There is an oft-quoted result from Google stating that when they switched Gmail to site-wide SSL, they saw only a minor overhead which could be neglected. An important point, though, is that it is for Gmail which is not necessarily a typical Web application.
The CPU overhead for SSL is small. A basic PC CPU core can do AES encryption at more than 100 MB/s. The cryptography which happens during session establishment (the "handshake") can be done several hundred times per second with the same kind of core, and it does not occur often, thanks to both HTTP keep-alive and the SSL "abbreviated handshake". It makes sense that properly implemented SSL won't clog the server CPU for most kinds of Web sites.
Network overhead for a single connection is also slight. When in full swing, a SSL/TLS connection breaks data into individual records, with a header and some bytes for cryptographic support: 5 bytes for the header, 16 bytes for the per-record IV if using TLS 1.1+ and AES/CBC, 32 bytes for a SHA-256 HMAC, and 1 to 16 bytes of padding for alignment. At most 69 bytes. But the record can embed up to 16384 bytes worth of application data, so we are talking about a 0.4% extra bandwidth. Again, that's negligible.
However, there is a site-wide network overhead due to caching. When the same piece of data is to be downloaded by many distinct clients, it is worthwhile to uses caches, located between the main server and the clients: when one client connection, going through a cache, is for a file that the cache has, the cache can answer without having to disturb the main server. The client and server needs not be aware of that mechanism; that's called a transparent proxy. Many ISP run that kind of system.
Caches won't help much with Gmail, because each user has his own mailbox and there are few files which will be shared between distinct users. However, the situation with Ebay may be different, with all the item photos that they send, by definition, to a lot of clients.
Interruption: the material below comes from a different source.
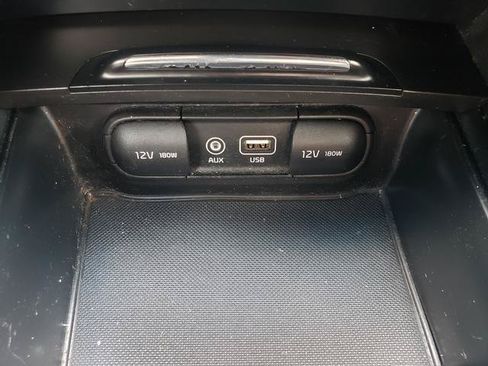 Used 2016 Kia Optima LX FWD image 20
It is highly plausible that caching benefits much more Ebay's infrastructures than Gmail's. However, and that's the tricky point, SSL prevents most of this caching. By going site-wide SSL, Ebay could possibly incur a non-negligible impact, enough to give them reason to pause and think. I don't say that Ebay's not doing site-wide SSL is proven to be a question of cache-related performance, but at least it is a possible reason.
Of course, not doing SSL means that passive eavesdropping and active attacks are a possibility. From Ebay's point of view, there are trade-offs everywhere between security and usability. Ultimately, as @Lucas says, it is all about money.